Nouvelle album de Pédro Kouyaté : Un voyage exceptionnel au cœur du Blues Malien
« Following », le nouvel album de Pédro Kouyaté est un véritable voyage au cœur du Blues malien / Photo: pedrokouyate.com
Élevé sous l’influence de deux géants de la musique malienne, Boubacar Traoré et Toumani Diabaté, Pédro Kouyaté a su tracer sa propre voie musicale, se démarquant avec son nouvel album, Following. Cet opus nous plonge dans des atmosphères envoûtantes, peuplées de voix vibrantes et d’émotions profondes.
Pour Pédro, le processus créatif est comparable à la magie de la photographie argentique. Dans sa « chambre noire », il s’isole complètement du monde extérieur, cherchant à oublier ses préoccupations quotidiennes. « J’essaie de ne penser à rien, ce qui est très difficile », confie-t-il. Ce Parisien d’adoption, dont le blues a longtemps résonné dans les couloirs du métro, se laisse porter par un tumulte d’idées et de souvenirs, transformant son expérience en une véritable quête artistique. « Ça te met dans un couloir de visions, de sensations. Toute ta vie change », explique-t-il avec une intensité théâtrale.
Son album Following, qui signifie « suite », est paradoxalement une rétrospective sur son passé, un hommage à ses racines qui continuent de l’inspirer. Pédro, qui ne maîtrise pas moins de 19 instruments, aborde la musique avec la délicatesse d’une femme tamisant le riz, cherchant à capturer l’essence de ses sensations sans jamais forcer le processus créatif. Il a su s’entourer d’artistes aux horizons variés, tels que les jazzmen Erik Truffaz et Manu Katché, le chanteur Arthur H, et le rappeur Oxmo Puccino, témoignant ainsi de sa vision ouverte et décloisonnée de la musique.
La pochette de son album, où il arbore une toque léopard, évoque des figures emblématiques comme le maréchal Mobutu, tout en soulignant la majesté de l’Afrique et son « âme tribale ». Pédro évoque également l’influence de son père, cadreur dans le cinéma, qui lui a appris l’importance du visuel et de l’esthétique. « Mon père était un humain à la Dali mélangé de Pessoa », se remémore-t-il.
L’album prend une tournure poignante lorsqu’il reprend le discours emblématique de Thomas Sankara sur la dette, prononcé en 1987. Pédro se remémore avec émotion sa rencontre avec le président burkinabé, un moment gravé dans sa mémoire. « Je me souviens de sa voix, de son odeur, son regard – incroyable », raconte-t-il, évoquant la tristesse qui l’a envahi le jour de sa mort.
Né dans une famille aisée, Pédro a vu sa vie basculer lorsqu’il a émigré en France.
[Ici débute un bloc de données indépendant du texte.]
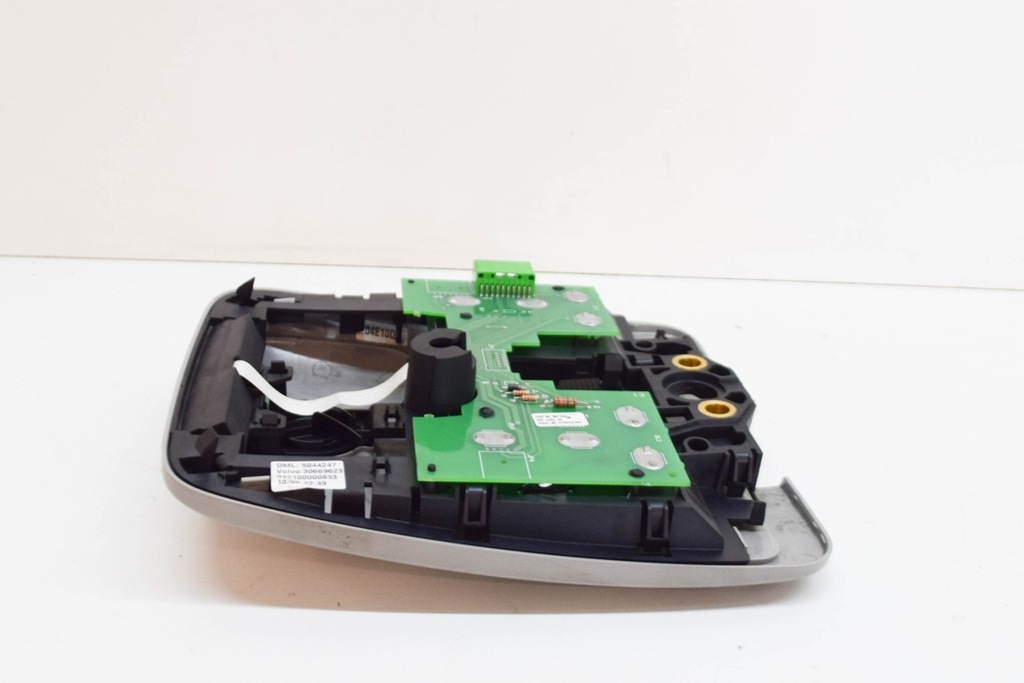 фото №7, Volvo xc70 cross country mk1 освітлення салону перед 5044247 30669623 2.4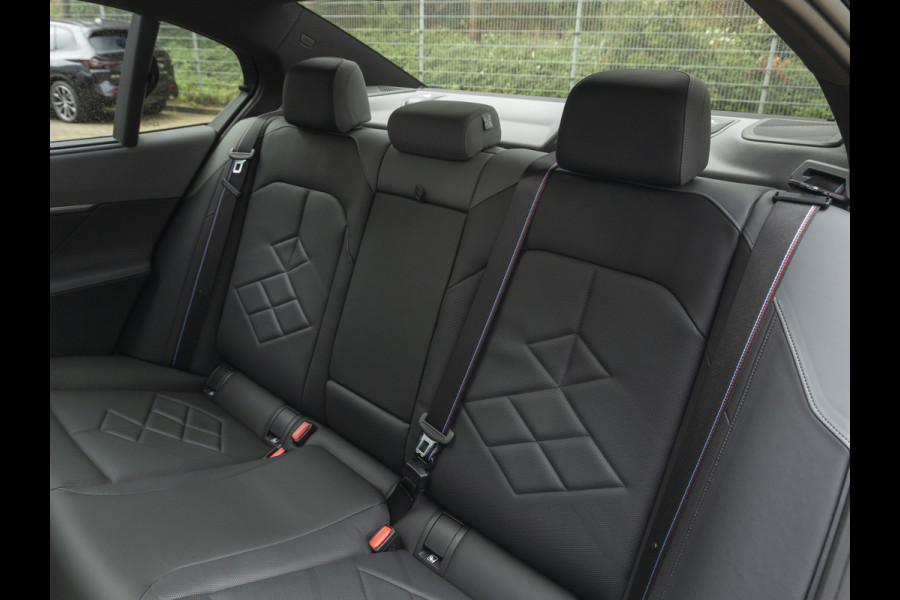 BMW i5 eDrive40 M-Sport Pro - Pano - Driving + Parking Ass Prof - Bowers & Wilkins - Stoelventilatie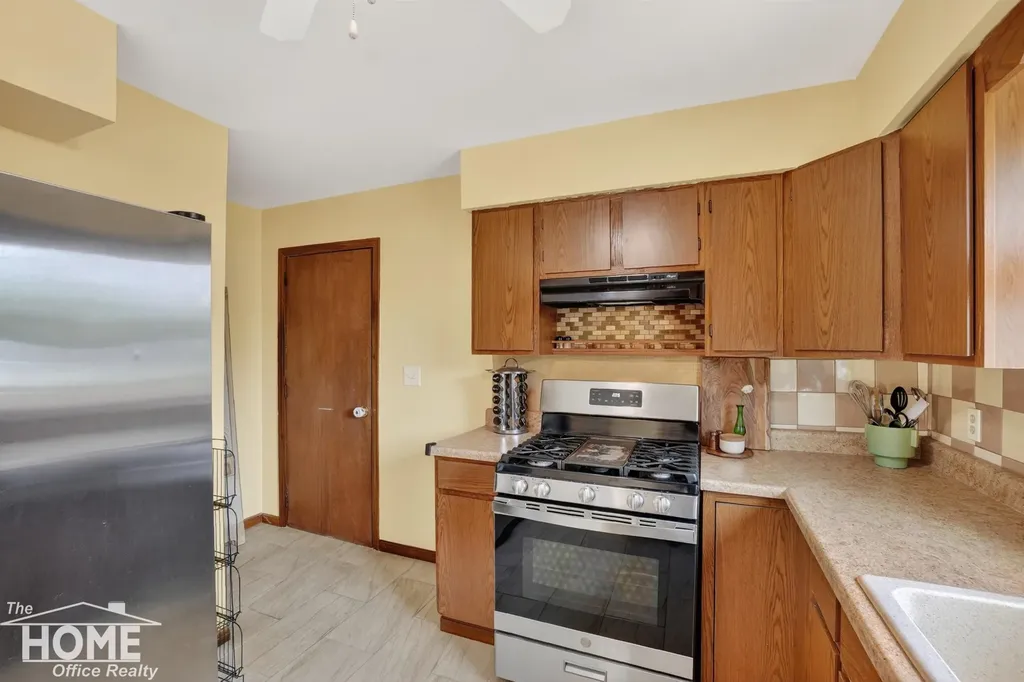 823 Tracy Street Owosso Charter Township MI 48867
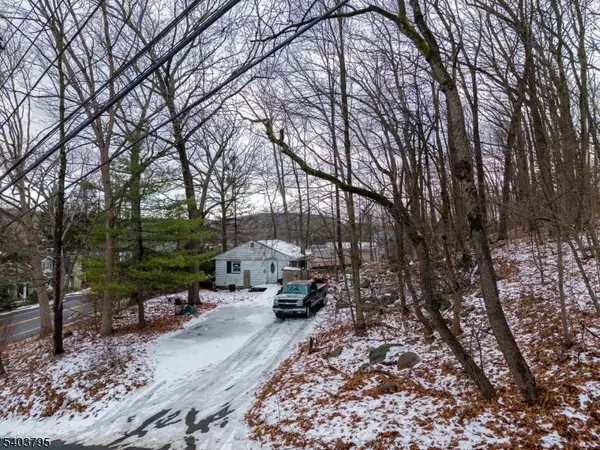 45 W Shawnee Trl, Jefferson Twp., NJ 07885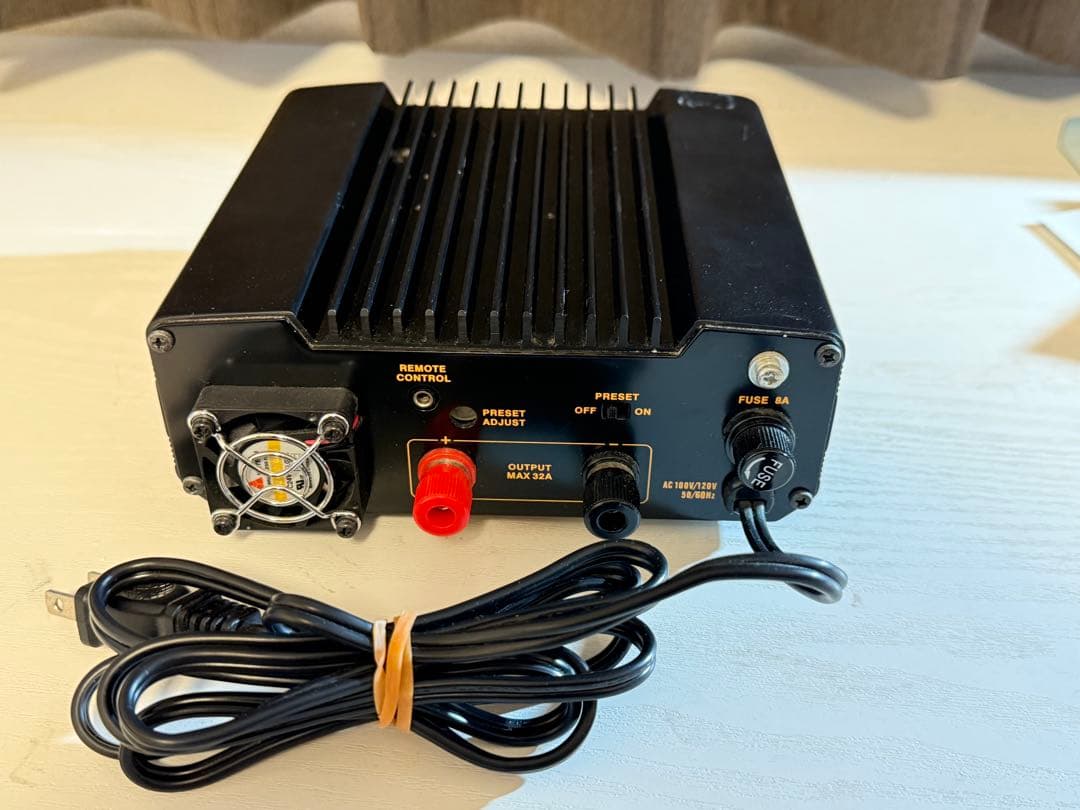 ALINCO 直流安定化電源 DM-330MV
À Bamako, il a croisé le chemin de Toumani Diabaté, qui l’a pris sous son aile. En tant que jeune garçon, il était le « petit qui fait les commissions », assistant aux débuts du Symmetric Orchestra, une expérience qui a façonné son parcours musical. « Quand tu les vois, tu te tais et tu regardes », se souvient-il, conscient de l’importance de l’humilité dans l’apprentissage.
Aujourd’hui, Pédro Kouyaté incarne la voix d’une génération, un conteur passionné qui partage ses souvenirs et ses expériences avec une authenticité touchante. « On ne peut pas reprocher à un Kouyaté de parler », sourit-il, fier de son héritage et de son parcours, un véritable ambassadeur du blues malien.